Try it.
For this exercise, return exactly the lines of the material below that begin at the one with "Attēlu rezultāti vaicājumam" and stop after the one with "YUASA ユアサ バ...".

Provided data.
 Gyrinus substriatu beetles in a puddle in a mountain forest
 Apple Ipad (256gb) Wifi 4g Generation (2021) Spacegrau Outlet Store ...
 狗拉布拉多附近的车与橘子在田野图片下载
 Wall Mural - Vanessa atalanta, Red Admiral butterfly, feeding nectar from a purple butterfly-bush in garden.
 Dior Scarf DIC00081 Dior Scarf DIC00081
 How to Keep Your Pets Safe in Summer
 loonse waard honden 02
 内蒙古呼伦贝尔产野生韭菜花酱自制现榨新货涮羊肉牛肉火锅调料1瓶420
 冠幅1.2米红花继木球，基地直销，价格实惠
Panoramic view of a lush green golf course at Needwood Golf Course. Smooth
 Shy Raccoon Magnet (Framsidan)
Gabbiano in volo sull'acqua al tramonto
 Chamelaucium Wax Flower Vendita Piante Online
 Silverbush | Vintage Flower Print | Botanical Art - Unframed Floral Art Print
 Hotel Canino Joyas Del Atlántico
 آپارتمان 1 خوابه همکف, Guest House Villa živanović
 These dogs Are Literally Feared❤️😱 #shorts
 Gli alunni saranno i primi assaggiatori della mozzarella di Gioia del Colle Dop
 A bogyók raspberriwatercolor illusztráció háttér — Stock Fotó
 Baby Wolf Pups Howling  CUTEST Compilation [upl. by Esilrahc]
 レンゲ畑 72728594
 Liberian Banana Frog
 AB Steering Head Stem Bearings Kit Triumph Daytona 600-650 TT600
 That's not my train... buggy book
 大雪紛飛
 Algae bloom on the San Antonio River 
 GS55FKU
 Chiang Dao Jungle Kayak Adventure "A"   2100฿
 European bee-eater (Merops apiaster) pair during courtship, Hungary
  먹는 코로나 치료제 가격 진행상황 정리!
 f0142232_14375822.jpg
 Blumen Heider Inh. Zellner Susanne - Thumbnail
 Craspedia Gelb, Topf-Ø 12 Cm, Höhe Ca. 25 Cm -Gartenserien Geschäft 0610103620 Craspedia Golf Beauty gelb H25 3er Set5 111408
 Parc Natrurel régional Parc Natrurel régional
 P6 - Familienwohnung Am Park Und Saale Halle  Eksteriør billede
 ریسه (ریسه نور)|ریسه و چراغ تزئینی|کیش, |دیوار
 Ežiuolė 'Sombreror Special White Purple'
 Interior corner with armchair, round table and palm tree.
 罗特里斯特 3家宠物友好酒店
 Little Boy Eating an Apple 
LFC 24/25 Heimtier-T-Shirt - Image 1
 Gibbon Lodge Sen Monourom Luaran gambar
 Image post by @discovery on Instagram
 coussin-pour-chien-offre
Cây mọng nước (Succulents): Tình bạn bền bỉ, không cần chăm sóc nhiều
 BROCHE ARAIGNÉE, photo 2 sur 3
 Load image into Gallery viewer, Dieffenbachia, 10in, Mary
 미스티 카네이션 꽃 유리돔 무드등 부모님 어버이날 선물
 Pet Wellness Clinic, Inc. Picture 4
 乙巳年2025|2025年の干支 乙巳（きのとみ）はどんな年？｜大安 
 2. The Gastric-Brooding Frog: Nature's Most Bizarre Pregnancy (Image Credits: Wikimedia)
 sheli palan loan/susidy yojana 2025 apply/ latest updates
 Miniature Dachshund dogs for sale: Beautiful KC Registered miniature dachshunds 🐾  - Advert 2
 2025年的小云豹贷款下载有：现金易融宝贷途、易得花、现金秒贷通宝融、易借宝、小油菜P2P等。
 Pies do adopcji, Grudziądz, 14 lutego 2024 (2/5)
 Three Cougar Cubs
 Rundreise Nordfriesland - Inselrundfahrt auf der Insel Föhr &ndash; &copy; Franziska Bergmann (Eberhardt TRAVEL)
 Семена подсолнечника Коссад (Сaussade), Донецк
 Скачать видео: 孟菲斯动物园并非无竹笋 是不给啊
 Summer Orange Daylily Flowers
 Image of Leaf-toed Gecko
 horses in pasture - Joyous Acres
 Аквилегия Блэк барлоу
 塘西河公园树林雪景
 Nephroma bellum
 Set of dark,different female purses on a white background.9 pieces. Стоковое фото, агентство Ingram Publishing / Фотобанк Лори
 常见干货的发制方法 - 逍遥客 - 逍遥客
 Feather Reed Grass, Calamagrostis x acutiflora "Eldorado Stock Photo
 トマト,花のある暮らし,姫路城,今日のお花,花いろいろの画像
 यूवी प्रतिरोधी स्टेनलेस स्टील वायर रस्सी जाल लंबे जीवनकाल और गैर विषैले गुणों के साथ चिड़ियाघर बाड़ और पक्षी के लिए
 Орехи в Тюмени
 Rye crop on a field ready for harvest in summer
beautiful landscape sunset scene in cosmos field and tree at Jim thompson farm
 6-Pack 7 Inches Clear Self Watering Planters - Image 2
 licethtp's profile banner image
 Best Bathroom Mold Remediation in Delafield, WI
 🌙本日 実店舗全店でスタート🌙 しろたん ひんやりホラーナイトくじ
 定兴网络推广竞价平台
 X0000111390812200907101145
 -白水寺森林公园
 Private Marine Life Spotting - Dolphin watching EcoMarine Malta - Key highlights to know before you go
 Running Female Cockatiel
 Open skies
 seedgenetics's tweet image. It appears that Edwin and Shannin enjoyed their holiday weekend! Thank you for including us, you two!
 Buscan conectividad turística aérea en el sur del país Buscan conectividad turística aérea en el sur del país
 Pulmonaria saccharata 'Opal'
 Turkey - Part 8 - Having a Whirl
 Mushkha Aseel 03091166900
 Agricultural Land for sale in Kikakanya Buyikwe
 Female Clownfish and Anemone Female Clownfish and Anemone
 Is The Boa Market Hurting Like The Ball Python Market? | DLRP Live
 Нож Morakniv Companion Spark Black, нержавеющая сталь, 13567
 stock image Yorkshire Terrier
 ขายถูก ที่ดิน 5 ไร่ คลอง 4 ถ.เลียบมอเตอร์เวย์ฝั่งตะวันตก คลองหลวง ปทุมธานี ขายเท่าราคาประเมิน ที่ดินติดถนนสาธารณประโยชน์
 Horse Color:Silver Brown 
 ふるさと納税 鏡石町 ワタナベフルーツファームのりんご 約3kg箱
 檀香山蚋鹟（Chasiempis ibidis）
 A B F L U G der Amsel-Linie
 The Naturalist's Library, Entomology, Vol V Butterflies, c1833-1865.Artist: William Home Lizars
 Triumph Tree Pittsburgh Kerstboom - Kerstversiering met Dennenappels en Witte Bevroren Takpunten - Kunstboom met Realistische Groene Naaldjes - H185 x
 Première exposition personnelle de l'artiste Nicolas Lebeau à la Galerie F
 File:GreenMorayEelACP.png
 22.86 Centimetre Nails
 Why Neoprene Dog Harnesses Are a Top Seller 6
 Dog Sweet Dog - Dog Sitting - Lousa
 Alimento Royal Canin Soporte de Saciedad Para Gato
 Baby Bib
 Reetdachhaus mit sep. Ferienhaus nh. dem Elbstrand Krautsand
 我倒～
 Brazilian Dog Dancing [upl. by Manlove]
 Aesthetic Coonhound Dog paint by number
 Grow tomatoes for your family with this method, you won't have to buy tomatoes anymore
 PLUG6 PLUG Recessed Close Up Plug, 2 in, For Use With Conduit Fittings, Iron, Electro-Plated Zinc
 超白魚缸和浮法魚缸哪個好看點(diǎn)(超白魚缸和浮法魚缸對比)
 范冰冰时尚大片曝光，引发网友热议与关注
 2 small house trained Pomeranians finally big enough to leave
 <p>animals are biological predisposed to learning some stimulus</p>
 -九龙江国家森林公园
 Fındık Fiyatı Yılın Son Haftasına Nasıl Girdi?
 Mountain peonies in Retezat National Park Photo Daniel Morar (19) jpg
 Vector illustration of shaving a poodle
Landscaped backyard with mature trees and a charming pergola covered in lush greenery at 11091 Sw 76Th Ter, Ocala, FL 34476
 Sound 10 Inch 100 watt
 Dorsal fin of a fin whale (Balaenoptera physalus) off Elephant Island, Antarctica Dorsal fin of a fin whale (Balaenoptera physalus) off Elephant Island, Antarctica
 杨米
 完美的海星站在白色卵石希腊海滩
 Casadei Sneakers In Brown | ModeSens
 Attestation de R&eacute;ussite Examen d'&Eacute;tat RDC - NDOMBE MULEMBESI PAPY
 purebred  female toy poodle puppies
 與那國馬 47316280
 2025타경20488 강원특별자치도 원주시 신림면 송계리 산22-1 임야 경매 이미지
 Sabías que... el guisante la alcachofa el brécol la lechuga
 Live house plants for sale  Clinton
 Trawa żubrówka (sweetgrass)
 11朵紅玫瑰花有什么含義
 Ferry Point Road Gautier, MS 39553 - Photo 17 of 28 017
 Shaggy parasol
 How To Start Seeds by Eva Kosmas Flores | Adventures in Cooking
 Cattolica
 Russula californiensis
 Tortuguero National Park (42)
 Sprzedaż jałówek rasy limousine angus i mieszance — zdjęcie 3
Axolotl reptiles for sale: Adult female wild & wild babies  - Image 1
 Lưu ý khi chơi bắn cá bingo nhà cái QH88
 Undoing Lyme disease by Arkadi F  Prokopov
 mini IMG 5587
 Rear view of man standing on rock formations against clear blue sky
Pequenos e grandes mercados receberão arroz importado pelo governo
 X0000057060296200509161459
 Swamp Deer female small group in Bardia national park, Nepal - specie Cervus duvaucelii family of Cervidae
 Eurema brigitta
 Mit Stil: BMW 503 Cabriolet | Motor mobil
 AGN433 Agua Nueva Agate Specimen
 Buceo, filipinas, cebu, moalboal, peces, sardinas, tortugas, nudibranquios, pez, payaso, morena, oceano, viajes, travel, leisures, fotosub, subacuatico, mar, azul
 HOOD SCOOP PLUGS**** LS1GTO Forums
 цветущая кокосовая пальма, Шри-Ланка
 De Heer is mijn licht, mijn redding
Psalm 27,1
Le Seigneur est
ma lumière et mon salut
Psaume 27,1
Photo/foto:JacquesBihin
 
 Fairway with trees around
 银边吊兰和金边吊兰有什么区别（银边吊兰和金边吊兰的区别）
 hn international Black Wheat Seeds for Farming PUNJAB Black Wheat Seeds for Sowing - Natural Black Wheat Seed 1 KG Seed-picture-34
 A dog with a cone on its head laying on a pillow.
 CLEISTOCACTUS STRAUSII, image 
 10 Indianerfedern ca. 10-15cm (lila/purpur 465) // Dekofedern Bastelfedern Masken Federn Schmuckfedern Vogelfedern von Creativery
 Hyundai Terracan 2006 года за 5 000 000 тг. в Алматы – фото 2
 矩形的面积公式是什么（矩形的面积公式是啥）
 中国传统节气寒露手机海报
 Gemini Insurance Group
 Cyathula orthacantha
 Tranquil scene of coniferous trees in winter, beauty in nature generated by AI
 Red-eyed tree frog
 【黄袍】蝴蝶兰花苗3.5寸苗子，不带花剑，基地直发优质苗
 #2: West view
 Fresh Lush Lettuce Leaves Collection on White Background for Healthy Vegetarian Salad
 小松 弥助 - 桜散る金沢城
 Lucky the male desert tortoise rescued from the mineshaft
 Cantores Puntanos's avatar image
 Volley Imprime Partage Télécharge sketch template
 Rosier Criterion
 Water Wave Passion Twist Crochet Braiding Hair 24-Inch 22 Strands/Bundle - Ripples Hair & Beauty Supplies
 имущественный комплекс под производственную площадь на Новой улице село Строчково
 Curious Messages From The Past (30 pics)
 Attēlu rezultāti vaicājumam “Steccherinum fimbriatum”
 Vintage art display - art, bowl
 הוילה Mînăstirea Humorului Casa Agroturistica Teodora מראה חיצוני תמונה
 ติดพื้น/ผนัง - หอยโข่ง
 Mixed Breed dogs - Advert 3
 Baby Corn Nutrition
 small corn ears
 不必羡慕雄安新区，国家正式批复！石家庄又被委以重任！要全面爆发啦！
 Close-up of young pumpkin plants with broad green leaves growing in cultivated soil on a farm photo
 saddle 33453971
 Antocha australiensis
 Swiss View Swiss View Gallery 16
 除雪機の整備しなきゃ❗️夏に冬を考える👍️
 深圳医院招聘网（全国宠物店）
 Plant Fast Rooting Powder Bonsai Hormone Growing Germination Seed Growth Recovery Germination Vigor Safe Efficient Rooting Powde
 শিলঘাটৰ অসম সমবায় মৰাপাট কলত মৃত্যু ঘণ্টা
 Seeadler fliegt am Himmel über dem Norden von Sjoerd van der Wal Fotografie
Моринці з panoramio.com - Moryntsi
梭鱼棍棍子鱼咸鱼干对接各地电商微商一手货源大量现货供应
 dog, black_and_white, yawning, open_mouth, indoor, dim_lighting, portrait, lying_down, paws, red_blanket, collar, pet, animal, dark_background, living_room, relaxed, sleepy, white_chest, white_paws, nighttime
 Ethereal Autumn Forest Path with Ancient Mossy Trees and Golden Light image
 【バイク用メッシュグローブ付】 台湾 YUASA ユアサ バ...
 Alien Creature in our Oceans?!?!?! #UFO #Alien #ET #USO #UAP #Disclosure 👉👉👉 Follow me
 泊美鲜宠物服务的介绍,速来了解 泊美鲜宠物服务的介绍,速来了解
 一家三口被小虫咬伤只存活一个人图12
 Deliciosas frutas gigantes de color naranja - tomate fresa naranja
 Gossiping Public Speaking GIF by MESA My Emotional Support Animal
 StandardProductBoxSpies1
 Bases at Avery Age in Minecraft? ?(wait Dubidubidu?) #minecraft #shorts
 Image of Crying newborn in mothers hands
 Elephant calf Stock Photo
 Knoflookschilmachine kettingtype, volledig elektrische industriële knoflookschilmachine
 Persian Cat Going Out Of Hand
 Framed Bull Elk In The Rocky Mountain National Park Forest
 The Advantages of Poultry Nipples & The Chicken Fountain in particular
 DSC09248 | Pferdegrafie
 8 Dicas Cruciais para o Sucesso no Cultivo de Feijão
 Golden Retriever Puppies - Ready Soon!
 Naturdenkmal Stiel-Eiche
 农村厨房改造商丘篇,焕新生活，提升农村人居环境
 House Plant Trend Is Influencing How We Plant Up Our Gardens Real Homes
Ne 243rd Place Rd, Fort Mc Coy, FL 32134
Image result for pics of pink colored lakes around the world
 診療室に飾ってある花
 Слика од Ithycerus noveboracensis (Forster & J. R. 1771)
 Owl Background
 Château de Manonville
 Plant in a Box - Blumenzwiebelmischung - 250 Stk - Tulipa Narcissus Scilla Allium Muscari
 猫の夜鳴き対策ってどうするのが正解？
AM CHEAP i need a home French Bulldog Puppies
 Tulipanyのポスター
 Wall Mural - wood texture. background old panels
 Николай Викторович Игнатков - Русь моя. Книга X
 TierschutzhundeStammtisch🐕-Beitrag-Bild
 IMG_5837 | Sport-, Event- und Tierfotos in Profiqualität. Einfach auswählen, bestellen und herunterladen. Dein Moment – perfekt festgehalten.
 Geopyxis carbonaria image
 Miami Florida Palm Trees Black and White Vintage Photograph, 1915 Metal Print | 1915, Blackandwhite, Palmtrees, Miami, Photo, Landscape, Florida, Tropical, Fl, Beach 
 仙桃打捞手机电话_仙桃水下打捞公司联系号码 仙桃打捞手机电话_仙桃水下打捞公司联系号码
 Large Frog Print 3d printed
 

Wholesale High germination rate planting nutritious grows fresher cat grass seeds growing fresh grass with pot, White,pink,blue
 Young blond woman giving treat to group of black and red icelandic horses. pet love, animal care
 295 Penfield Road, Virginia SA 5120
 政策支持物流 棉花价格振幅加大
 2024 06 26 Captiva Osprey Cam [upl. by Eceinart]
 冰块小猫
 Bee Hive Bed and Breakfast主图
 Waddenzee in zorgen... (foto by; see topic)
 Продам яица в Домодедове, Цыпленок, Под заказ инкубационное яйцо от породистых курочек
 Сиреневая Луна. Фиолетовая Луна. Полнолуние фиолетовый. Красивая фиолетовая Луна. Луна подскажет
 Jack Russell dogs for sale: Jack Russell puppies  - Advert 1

Result of this exercise.
 Attēlu rezultāti vaicājumam “Steccherinum fimbriatum”
 Vintage art display - art, bowl
 הוילה Mînăstirea Humorului Casa Agroturistica Teodora מראה חיצוני תמונה
 ติดพื้น/ผนัง - หอยโข่ง
 Mixed Breed dogs - Advert 3
 Baby Corn Nutrition
 small corn ears
 不必羡慕雄安新区，国家正式批复！石家庄又被委以重任！要全面爆发啦！
 Close-up of young pumpkin plants with broad green leaves growing in cultivated soil on a farm photo
 saddle 33453971
 Antocha australiensis
 Swiss View Swiss View Gallery 16
 除雪機の整備しなきゃ❗️夏に冬を考える👍️
 深圳医院招聘网（全国宠物店）
 Plant Fast Rooting Powder Bonsai Hormone Growing Germination Seed Growth Recovery Germination Vigor Safe Efficient Rooting Powde
 শিলঘাটৰ অসম সমবায় মৰাপাট কলত মৃত্যু ঘণ্টা
 Seeadler fliegt am Himmel über dem Norden von Sjoerd van der Wal Fotografie
Моринці з panoramio.com - Moryntsi
梭鱼棍棍子鱼咸鱼干对接各地电商微商一手货源大量现货供应
 dog, black_and_white, yawning, open_mouth, indoor, dim_lighting, portrait, lying_down, paws, red_blanket, collar, pet, animal, dark_background, living_room, relaxed, sleepy, white_chest, white_paws, nighttime
 Ethereal Autumn Forest Path with Ancient Mossy Trees and Golden Light image
 【バイク用メッシュグローブ付】 台湾 YUASA ユアサ バ...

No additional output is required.